Dataset entries ->

--------------------------------

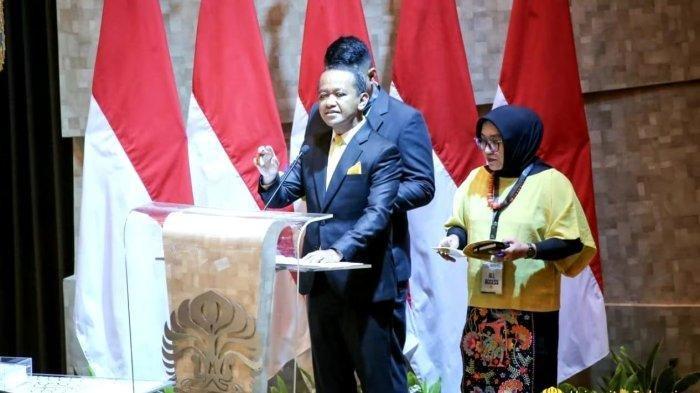 Menteri ESDM, Bahlil Lahadalia saat sidang terbuka promosi doktor yang digelar oleh Kajian Stratejik dan Global Universitas Indonesia (UI) di Kampus UI, Depok pada Rabu (16/10/2024).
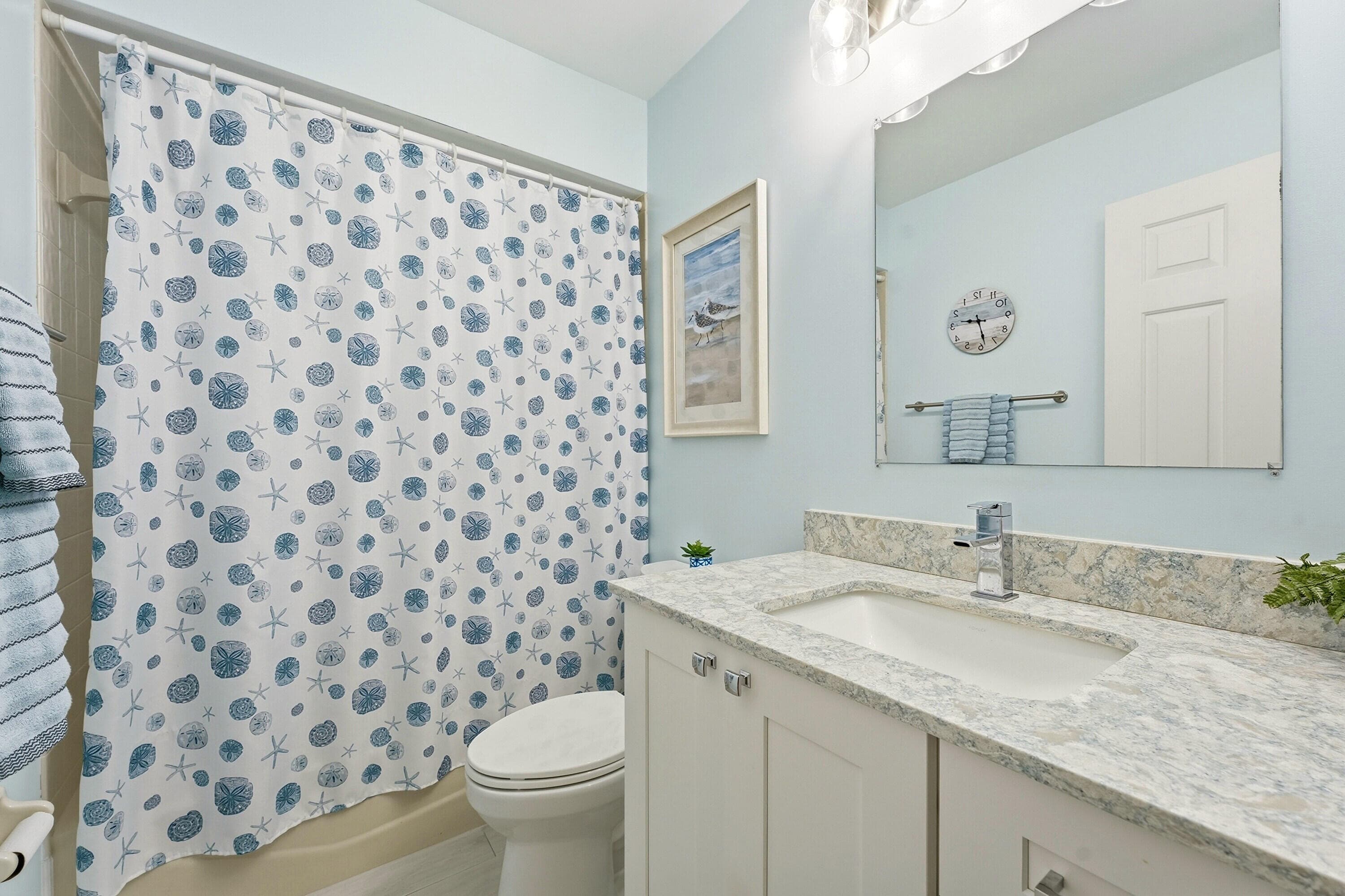 6786 SE Yorktown Drive, Hobe Sound, FL 33455 — photo 23 of 27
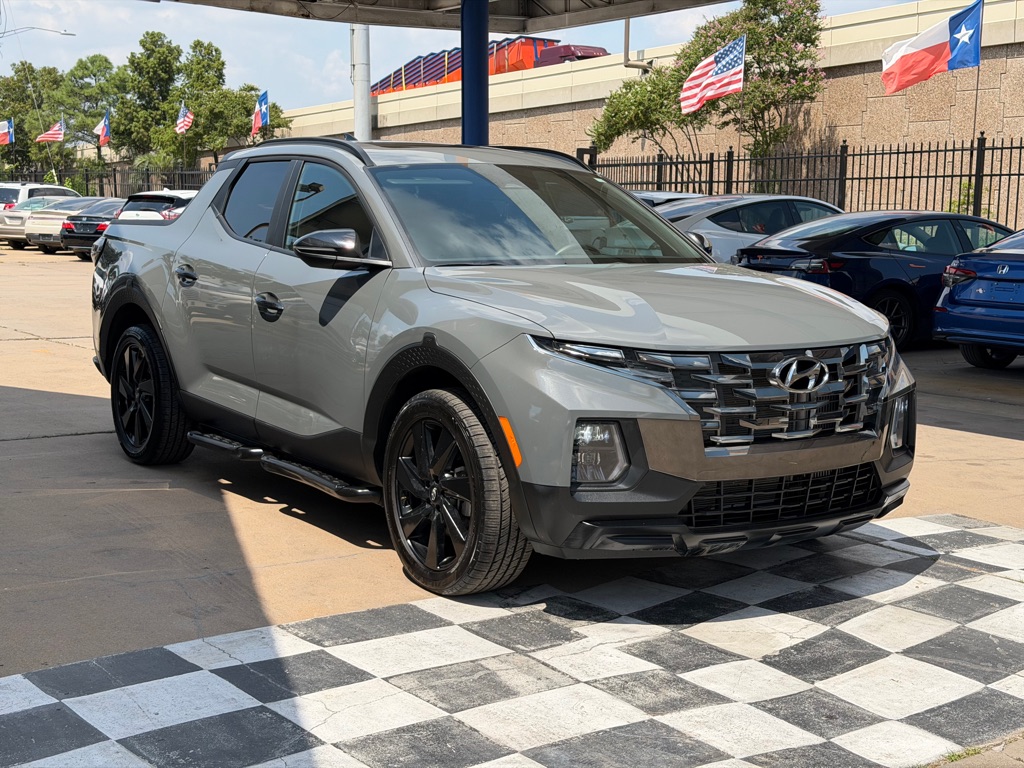 Photo 6 of this HYUNDAI SANTA CRUZ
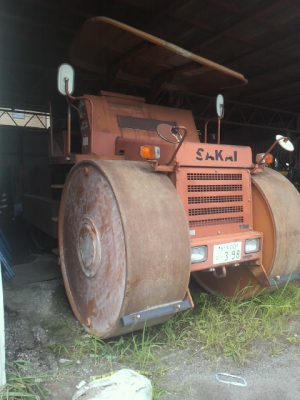 รถบดถนนสามล้อเหล็ก R2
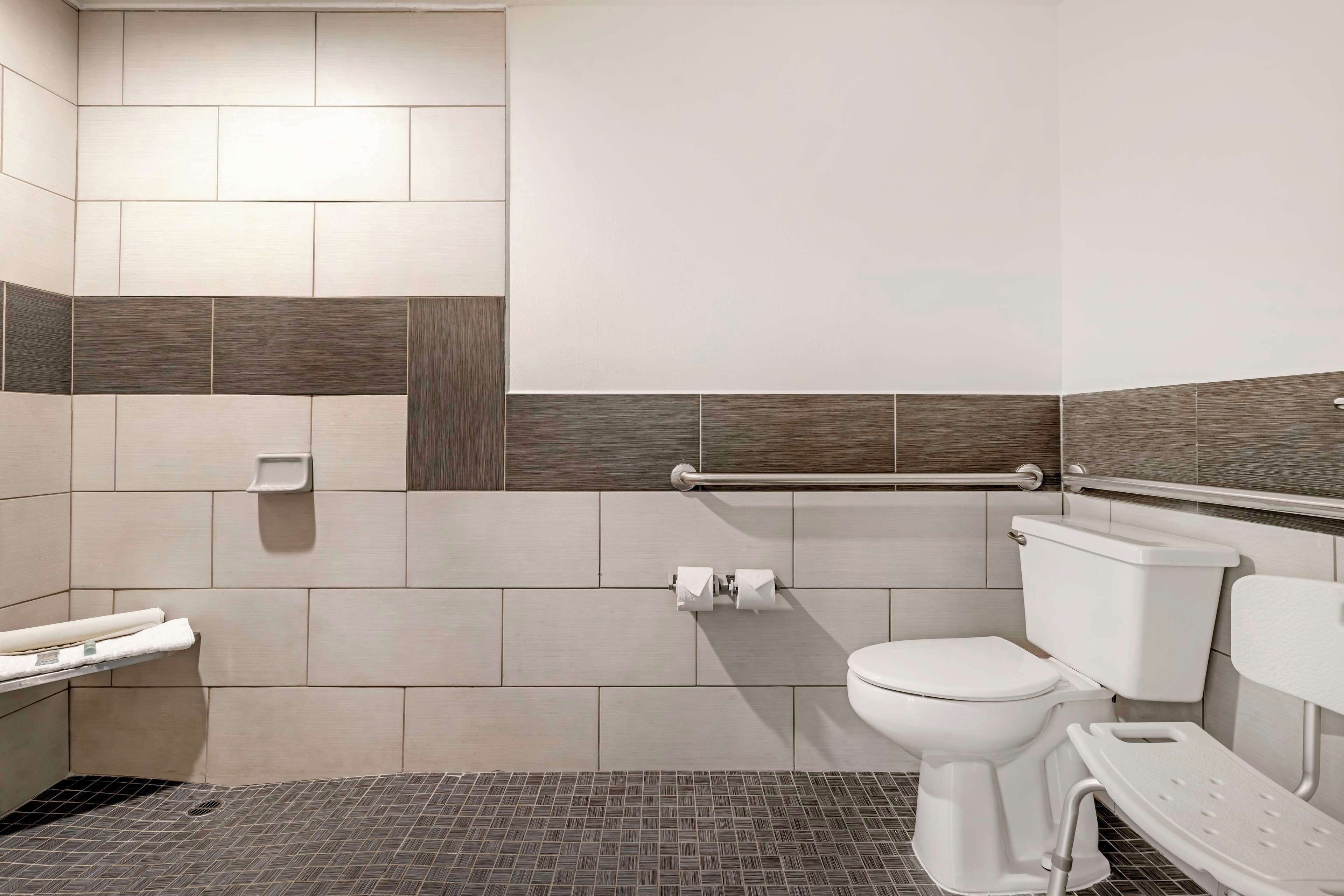 Un baño moderno con inodoro, bidé y toallero.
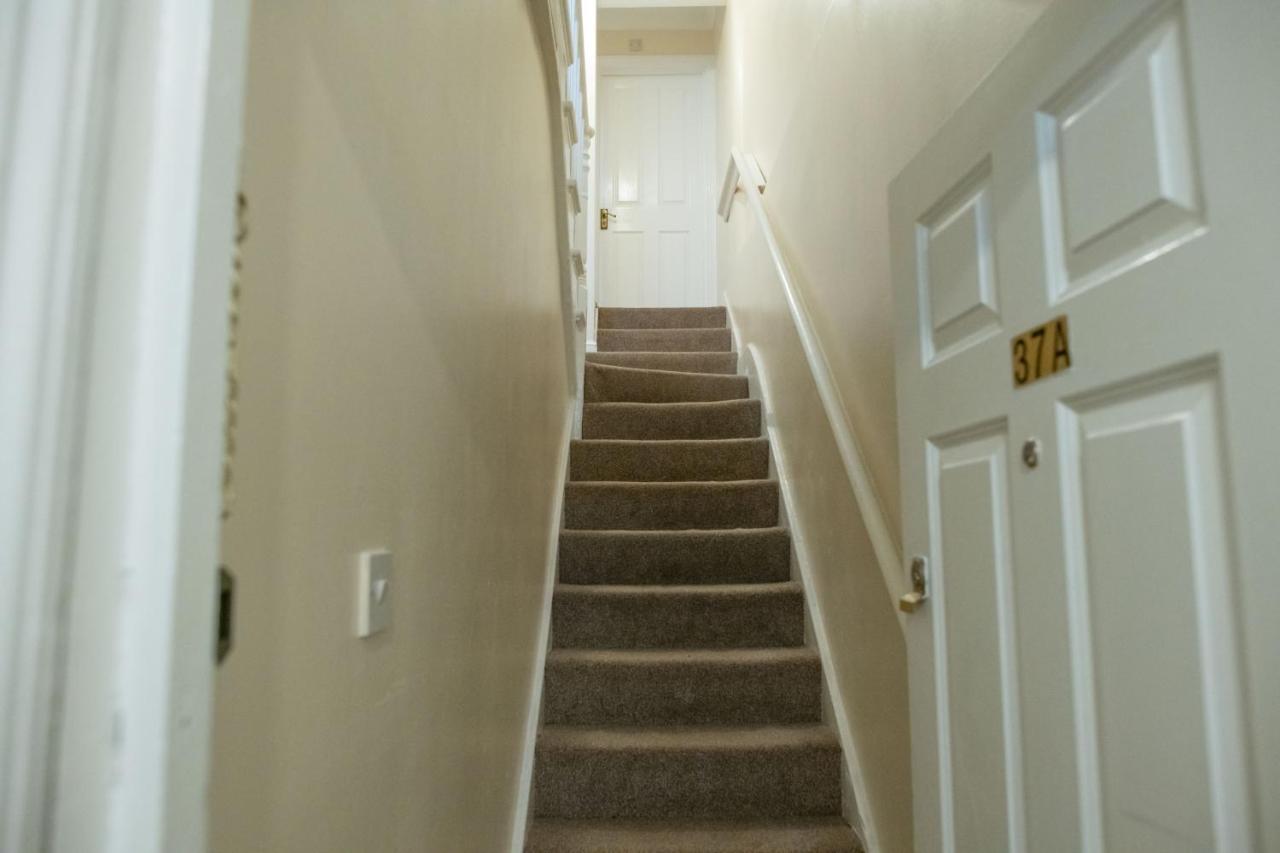 4 Bedroom Flat With High Speed Wi-Fi In North Acton, Ealing, West London Ngoại thất bức ảnh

--------------------------------

Write out an exact copy of the lines beginning at the line that contains "รถบดถนนสามล้อเหล็ก R2" and ending at the last line of the listing. Exclude pictures.

Reply to the exercise ->
 รถบดถนนสามล้อเหล็ก R2
 Un baño moderno con inodoro, bidé y toallero.
 4 Bedroom Flat With High Speed Wi-Fi In North Acton, Ealing, West London Ngoại thất bức ảnh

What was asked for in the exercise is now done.